Discussion Overview
The discussion centers around computing the integer "r" from the equation c = g^m * r^N mod N^2, specifically within the context of the Paillier cryptosystem. Participants explore methods and challenges related to this computation, touching on number theory concepts and potential approaches.
Discussion Character
- Technical explanation
- Mathematical reasoning
- Debate/contested
Main Points Raised
- One participant asks how to compute "r" when all other values are known, indicating a lack of familiarity with number theory.
- Another participant mentions knowing the prime factors p and q of n, suggesting this information may be relevant to the computation.
- A participant expresses skepticism about the existence of a known solution, proposing trial and error as a potential method, and suggests substituting x for g^m to compute c/x mod N^2.
- Further elaboration on the trial and error method is provided, including a correction regarding the handling of modular arithmetic and the importance of keeping track of additions made to c.

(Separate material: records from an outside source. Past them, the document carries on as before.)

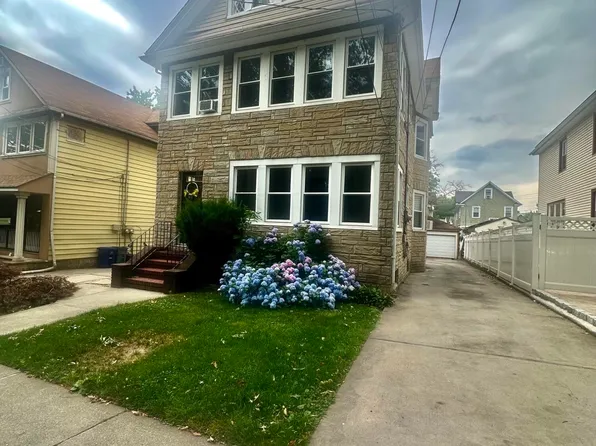 309 Maine Ave, Staten Island, NY 10314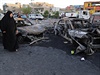 Následky bombového atentátu v jedné ze tvrtí irácké metropole. Pumové útoky na...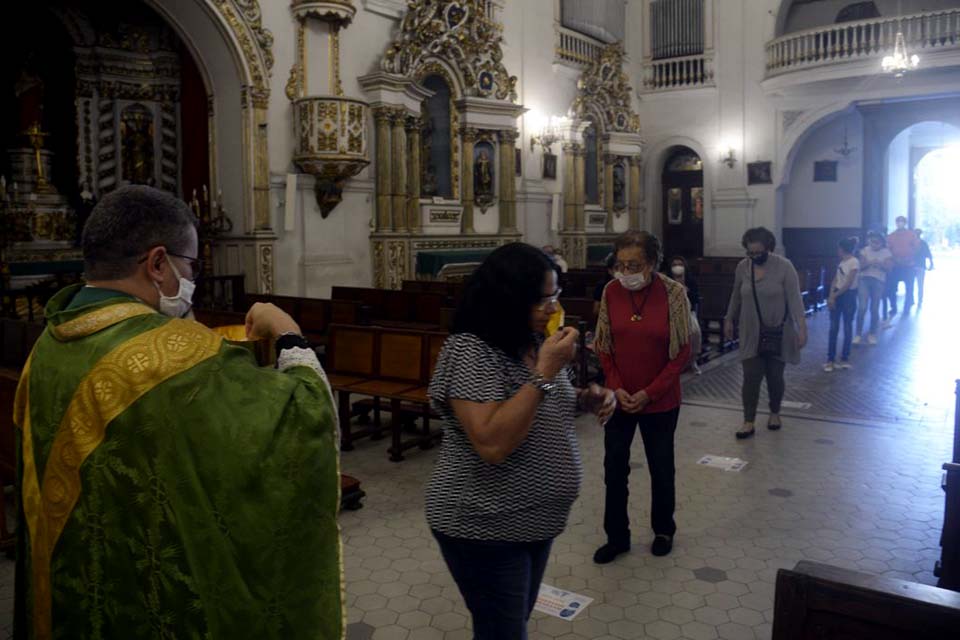 Destinos religiosos de SP devem ter movimento reduzido no feriado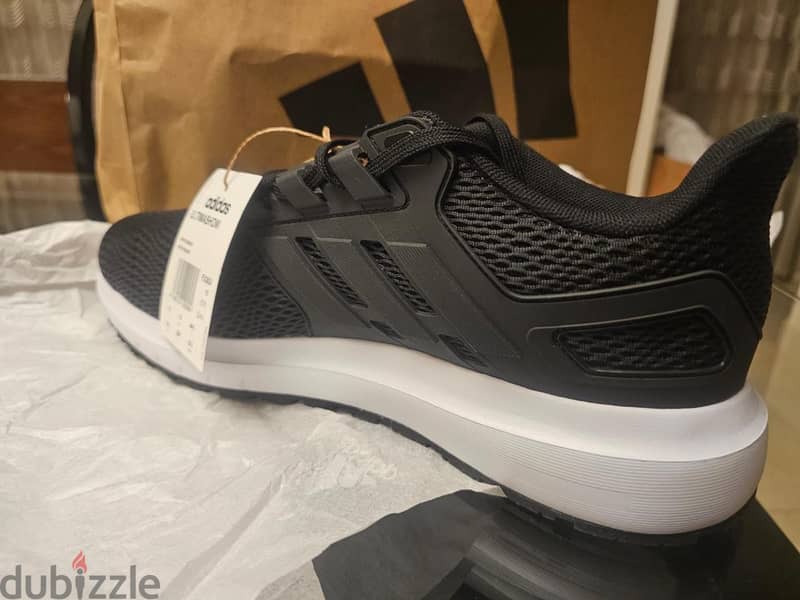 Addidas Sneakrs 6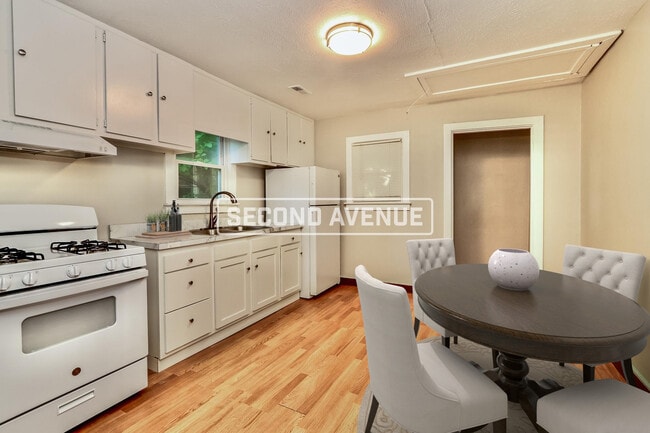 3746 Kahlert Ave in Louisville, KY - Building Photo - Building Photo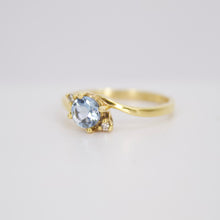 Cargar imagen en el visor de la galería, Anillo en oro amarillo 14k con aguamarina y diamantes.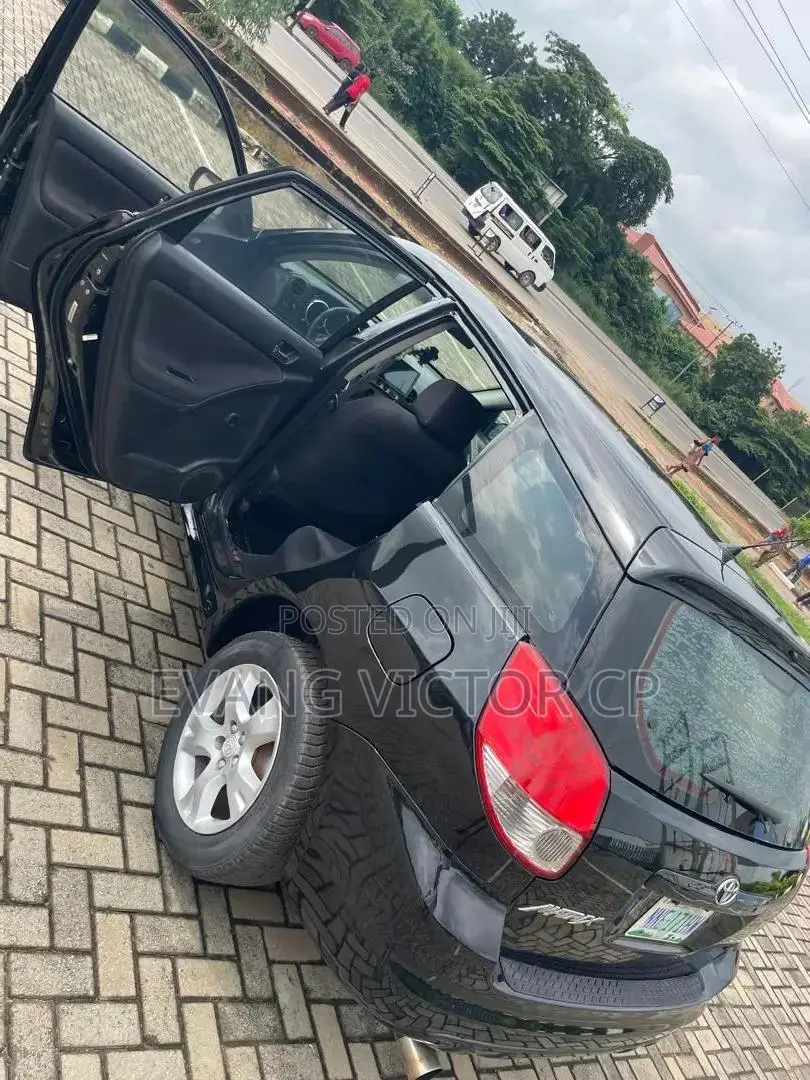 Toyota Matrix XR Hatchback AWD (1.8L 4cyl 4A) 2004 Black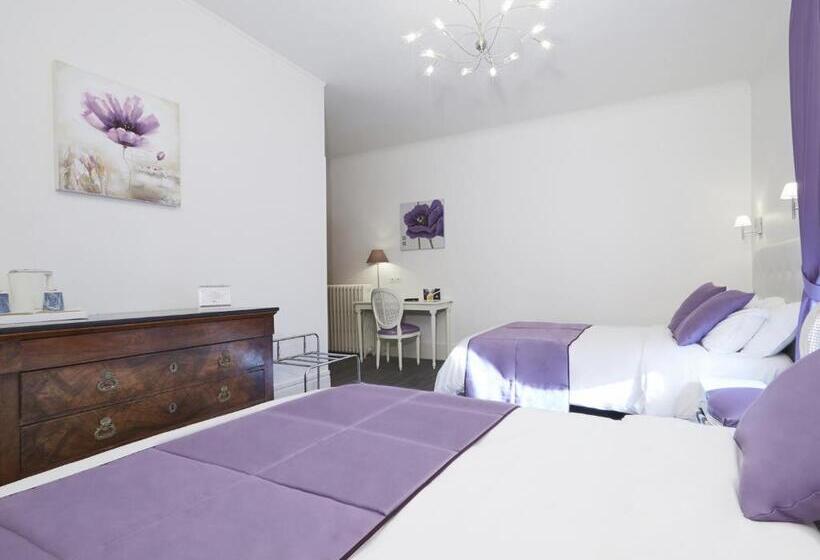 اتاق خانوادگی, Kyriad Saumur Hyper Centre Hôtel Appartements Et Spa Soins Sothys Paris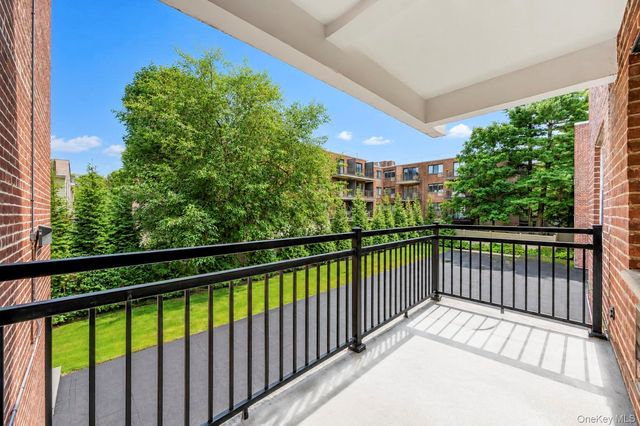 25 Chapel Place 2M, Great Neck, NY 11021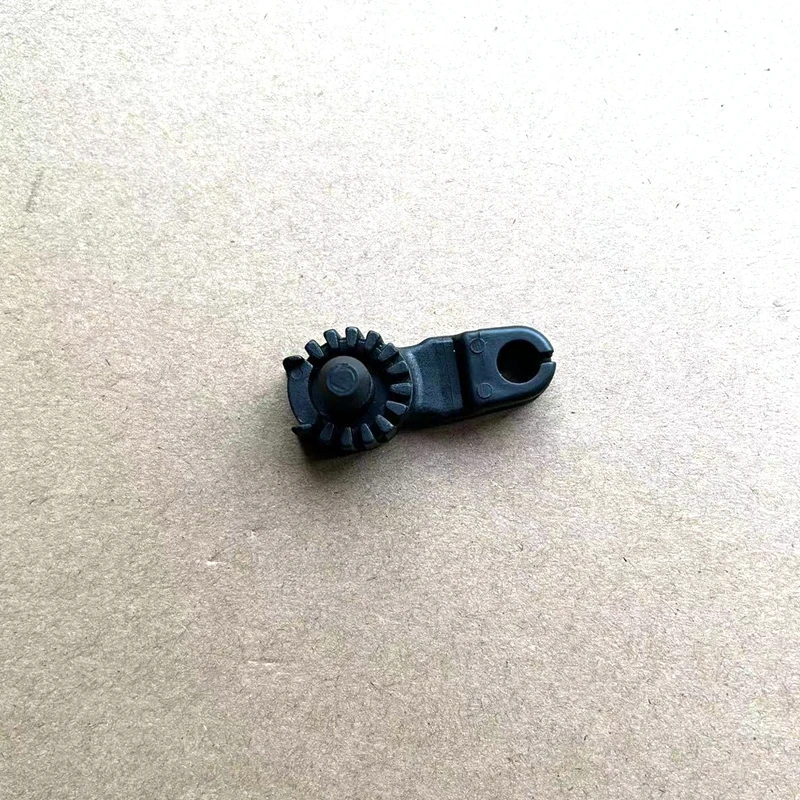 

1 шт. для VW Old Touareg Audi Q7 Cayenne, кронштейн кабеля капота двигателя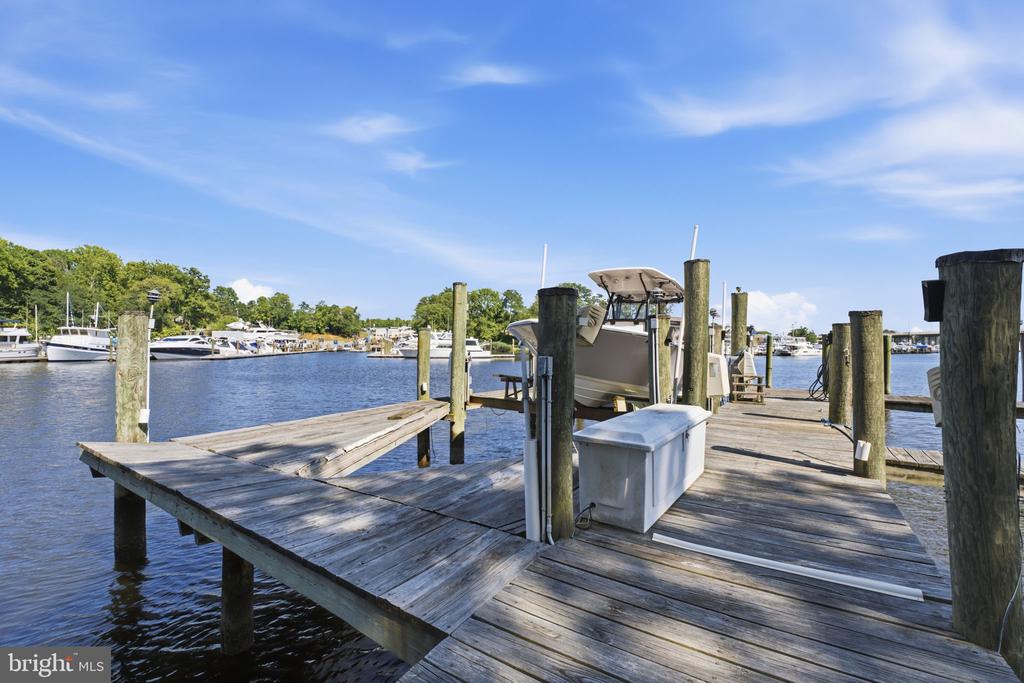120 ISLAND VIEW DRIVE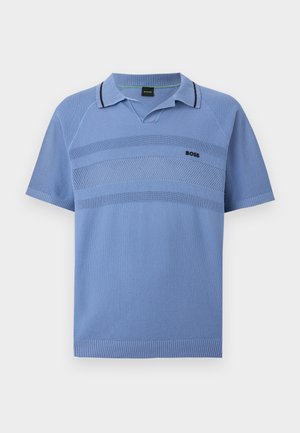 Polo en maille manches courtes bleu clair avec rayures horizontales texturées, col et ourlet côtelés, et petit logo noir "BOSS" sur la poitrine.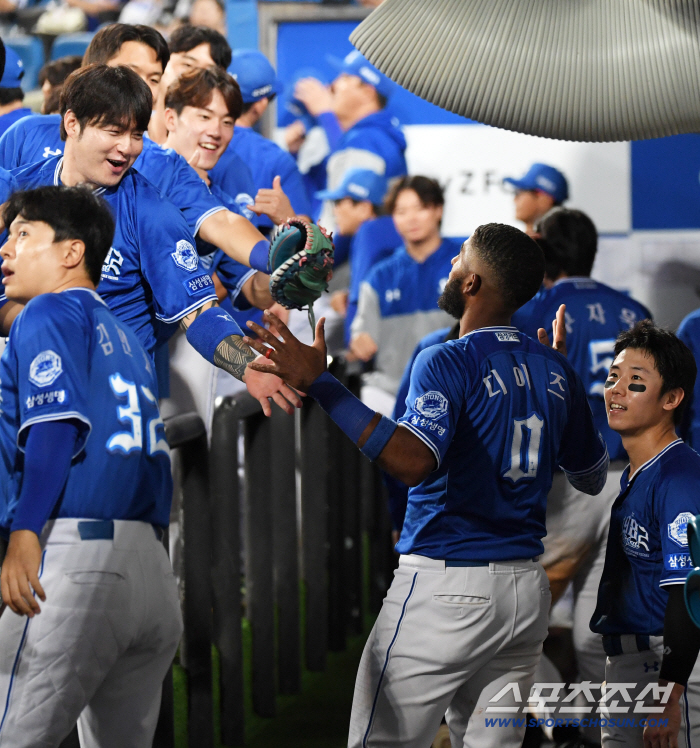  Park Byung-ho Diaz is amazing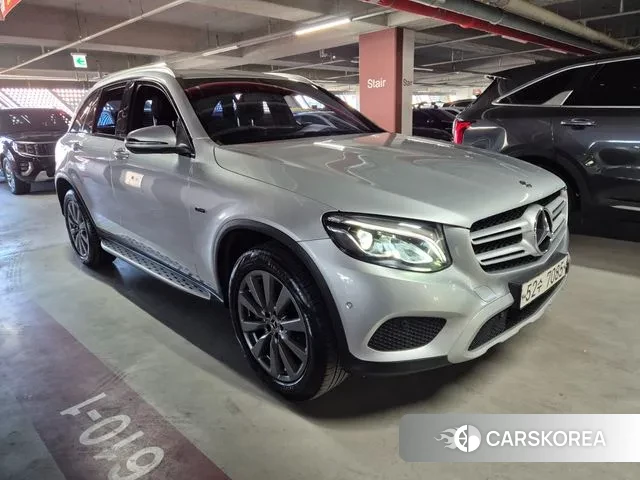Mercedes-Benz GLC-Class X253 2018 Серебряный из Кореи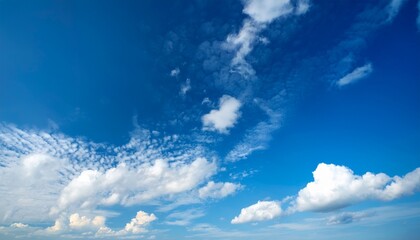 superbe ciel bleu et petits nuages blanc en ete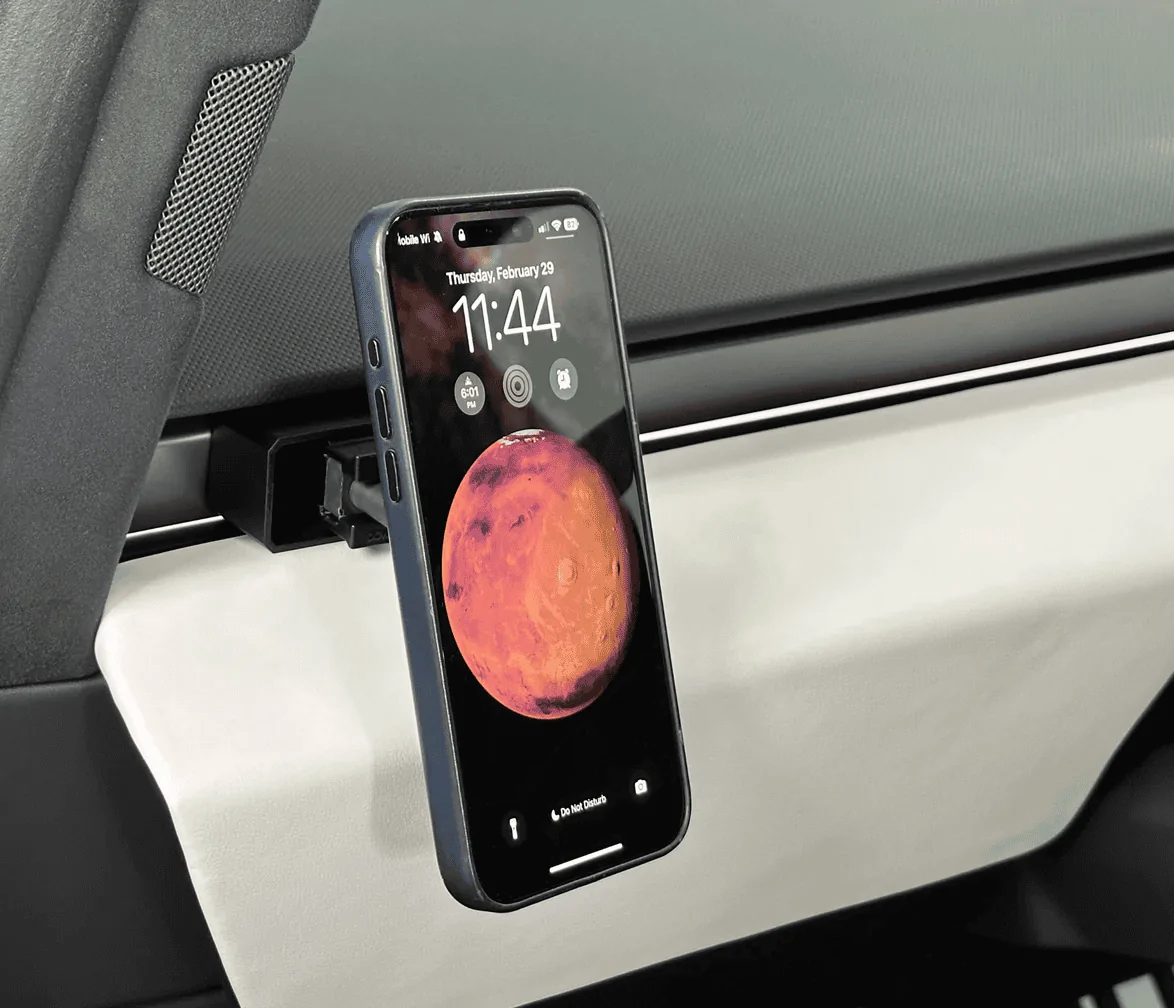 Tesla Cybertruck Best phone mount for Cybertruck! Screenshot 2024-06-21 at 3.01.32 PM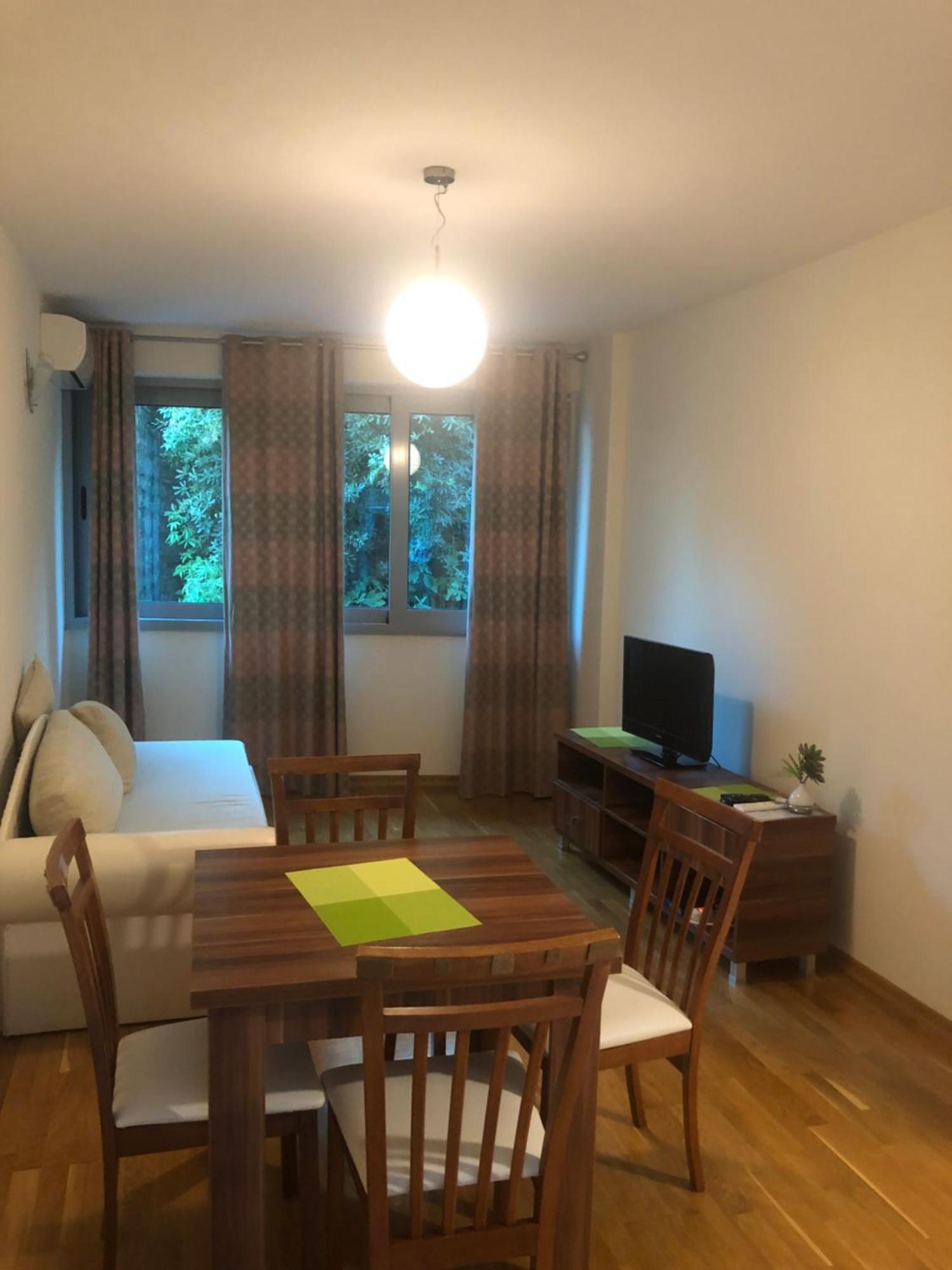 Apartments Rafailovic Ljubo ラファイロヴィチ エクステリア 写真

- Another participant provides an example to illustrate the method of reducing powers using Euler's theorem and finding modular inverses, framing it as a related problem to the original question.
- A later reply seeks suggestions on solving the equation a = b^x mod c for b, indicating a continuation of the mathematical exploration.
Areas of Agreement / Disagreement
Participants express differing views on the feasibility of finding "r" and the methods to approach the problem. There is no consensus on a definitive solution or method, and the discussion remains unresolved.
Contextual Notes
Limitations include potential missing assumptions regarding the properties of the numbers involved, the dependence on specific definitions of modular arithmetic, and unresolved steps in the proposed methods.